Storage space scarce

One thing’s for certain: With thousands of off-lease cars being returned, Long Island dealers are going to have to find a place to put them. Some dealers are securing more space to hold the influx.

Calisi, of Eagle Auto Mall, said he has just purchased 2 acres next to his 12-acre site to store the additional vehicles until he can resell them or the lending institutions that wrote the leases collect the vehicles for sale at auctions.

At Security Dodge Chrysler Jeep Ram Gem in Amityville, co-owner John J. Vigorito is trying to add storage room for another 250 cars in three parcels to augment the space he has now for 500 vehicles, but his plans have raised concerns among some village residents and officials.

“Storage space is a growing problem across Long Island,” Vigorito said.

Smith Haven dealer Saslow said the problem is compounded by dealers’ tendency now to keep larger inventories of new vehicles.

Because dealers don’t own the new cars on their lots, but rather are financing them, just like an individual buyer might finance a car purchase, low interest rates reduce the cost of maintaining their showroom inventory. “All dealers are stocking new cars more aggressively,” Saslow said.

To help get used cars off dealers’ lots and into drivers’ hands, Atlantic Auto Group’s Brown wants manufacturers’ finance arms, who write most car leases, to encourage the leasing of used cars by offering more attractive interest rates.

Used-car leasing is limited now, in part because setting residual values — the amount a car will be worth at the end of the lease — is more difficult on a used car than on a new one.

Toyota’s Lexus unit already is providing better used-car leasing terms, Brown said.

But while used Toyotas are available now with better leases than before, the practice is not that attractive because the price is still fairly close to leasing a new car, said Smithtown Toyota’s Dagger.

For example, a certified used 2013 Camry LE priced by the dealer at $15,495 can be leased for $163 a month with $3,400 up front — including tax and a down payment or “capitalized cost reduction,” an acquisition fee and the first payment. The three-year lease has a limit of 15,000 miles per year.

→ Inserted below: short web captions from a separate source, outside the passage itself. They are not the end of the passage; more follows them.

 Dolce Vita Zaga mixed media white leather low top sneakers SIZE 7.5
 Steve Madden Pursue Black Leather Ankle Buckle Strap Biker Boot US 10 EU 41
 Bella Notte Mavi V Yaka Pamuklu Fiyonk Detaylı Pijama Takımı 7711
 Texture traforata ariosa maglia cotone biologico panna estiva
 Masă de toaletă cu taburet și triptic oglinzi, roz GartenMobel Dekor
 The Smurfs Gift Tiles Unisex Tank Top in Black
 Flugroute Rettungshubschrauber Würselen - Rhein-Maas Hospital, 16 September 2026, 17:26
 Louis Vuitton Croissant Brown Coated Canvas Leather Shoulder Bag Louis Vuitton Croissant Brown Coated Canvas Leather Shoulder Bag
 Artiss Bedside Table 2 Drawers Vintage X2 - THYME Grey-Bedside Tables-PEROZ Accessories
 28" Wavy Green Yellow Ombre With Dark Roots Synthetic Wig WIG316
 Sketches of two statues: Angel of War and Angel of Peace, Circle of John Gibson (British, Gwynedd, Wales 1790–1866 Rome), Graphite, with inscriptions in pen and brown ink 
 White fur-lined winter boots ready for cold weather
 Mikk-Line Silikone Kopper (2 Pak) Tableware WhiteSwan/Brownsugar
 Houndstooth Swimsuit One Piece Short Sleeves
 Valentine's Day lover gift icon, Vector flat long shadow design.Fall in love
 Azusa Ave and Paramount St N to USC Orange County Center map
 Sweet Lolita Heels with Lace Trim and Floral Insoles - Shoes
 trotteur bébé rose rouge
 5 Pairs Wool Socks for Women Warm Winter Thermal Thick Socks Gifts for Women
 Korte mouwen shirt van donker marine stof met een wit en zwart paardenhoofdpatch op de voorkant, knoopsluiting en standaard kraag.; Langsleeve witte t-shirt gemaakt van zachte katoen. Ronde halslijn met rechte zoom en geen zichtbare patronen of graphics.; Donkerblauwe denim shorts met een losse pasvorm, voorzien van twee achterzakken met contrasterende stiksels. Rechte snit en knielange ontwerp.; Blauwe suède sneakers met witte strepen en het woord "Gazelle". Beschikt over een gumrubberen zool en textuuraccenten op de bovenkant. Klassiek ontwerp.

Under a New York regional Toyota incentive program, a new Camry LE can be leased for three years, 15,000 miles a year, for $192 a month with the same money down. The monthly payments are so close because the new-car lease carries a slightly lower “money factor” — or interest rate.

Chance for more sales

At newly renovated Sayville Ford, Long Island’s largest Ford dealership, chief executive Melanie J. Spare-Oswalt says she’s been taking back 50 or 60 off-lease cars a month so far this year, about 20 percent more than last year, and she expects that to rise to about 85 a month next year.

She sees the added volume as a plus for her business, giving her more cars to sell. “I don’t expect it to adversely affect us,” she said.

Nardy Honda’s Certilman agreed. He said he is taking in about 100 off-lease vehicles a month now but doesn’t anticipate storage issues because there’s a strong market here for used Hondas, and because Honda’s credit arm tends to quickly pick up cars that dealers don’t want.

“I would think more dealers will look at this as a blessing, not a curse,” he said.